For better or for worse, PDF is the standard for exchanging scholarly articles. As the “lowest common denominator”, it accurately preserves the article’s content and presentation, regardless of whether a Word-, LaTeX- or InDesign-based workflow was used.
Due to its print-based legacy, PDF documents are rather inflexible. It is difficult to extract data out of the PDF or make edits or annotations during the reviewing process. For a number of years, there has been a push to move towards better structured workflows, typically based on XML, such as JATS and RASH, which don’t have these limitations, and using web technologies to render the document to the screen or printer.
However, the effect of such initiatives has been rather limited up to now, as publishers, libraries and search engines are all set up to handle PDF files. Furthermore, the move away from PDF would mean forgoing the two main advantages that that made it so suitable for publishing in the first place:
- High typographic quality and the ability to accurately maintain visual presentation across different devices
- PDF files are self-contained, containing all images, fonts, etc. Unlike the Web, if you’ve got the PDF, you’ve got it all.

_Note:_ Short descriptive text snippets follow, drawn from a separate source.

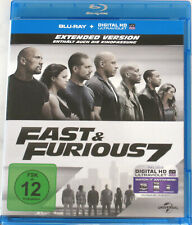 Blu-ray - Fast & Furious 7 - Dwayne Johnson - TOP - kostenloser Versand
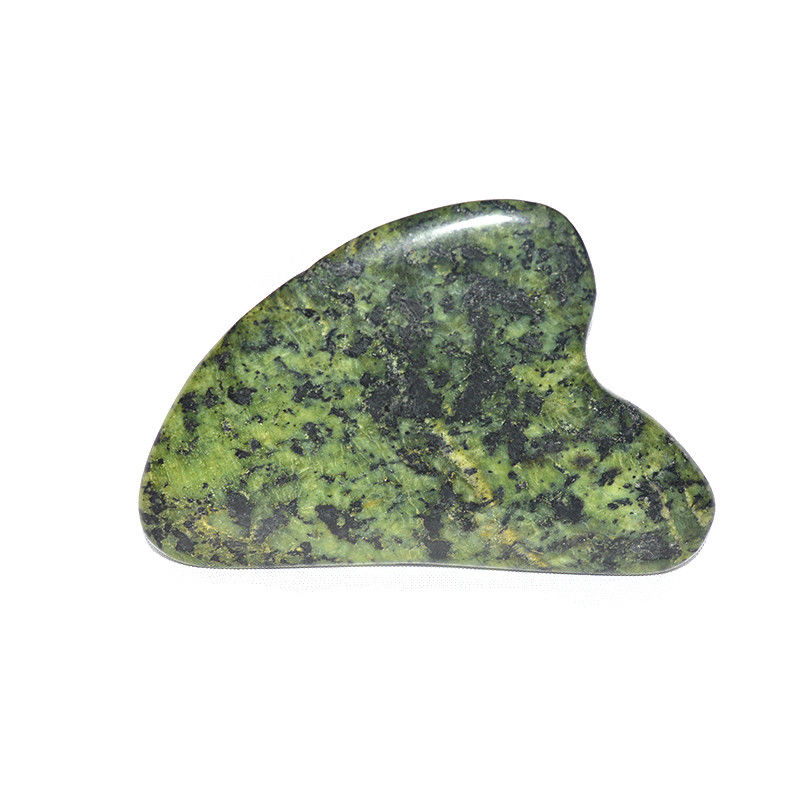 Tabla de masaje de raspado de Gua Sha verde Sodalite para el tratamiento de masaje de piedra de jade para todo el cuerpo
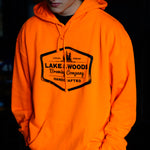 Safety Orange Classic Logo Hoodie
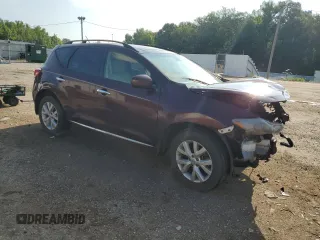 2014 Nissan Murano SL with VIN JN8AZ1MU9EW404162, listed as a Copart auction lot 65068494 with 0 mi miles and Salvage Title. Bid and sale history available at carsss.com. Image 4.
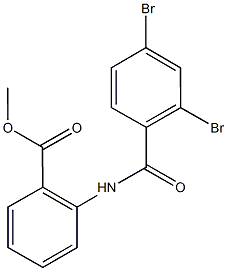 methyl2-[(2,4-dibromobenzoyl)amino]benzoate Structure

These features are notably missing from the technologies earmarked to succeed PDF, which is why publishers are understandably apprehensive about moving to these formats.
So why not use PDF as a starting point for better structured documents? Hybrid PDF offers the ideal opportunity to embed data in other formats, such as JATS-XML, into the PDF file, giving users the best of both worlds. And, as it’s still PDF, it is supported by the existing infrastructure.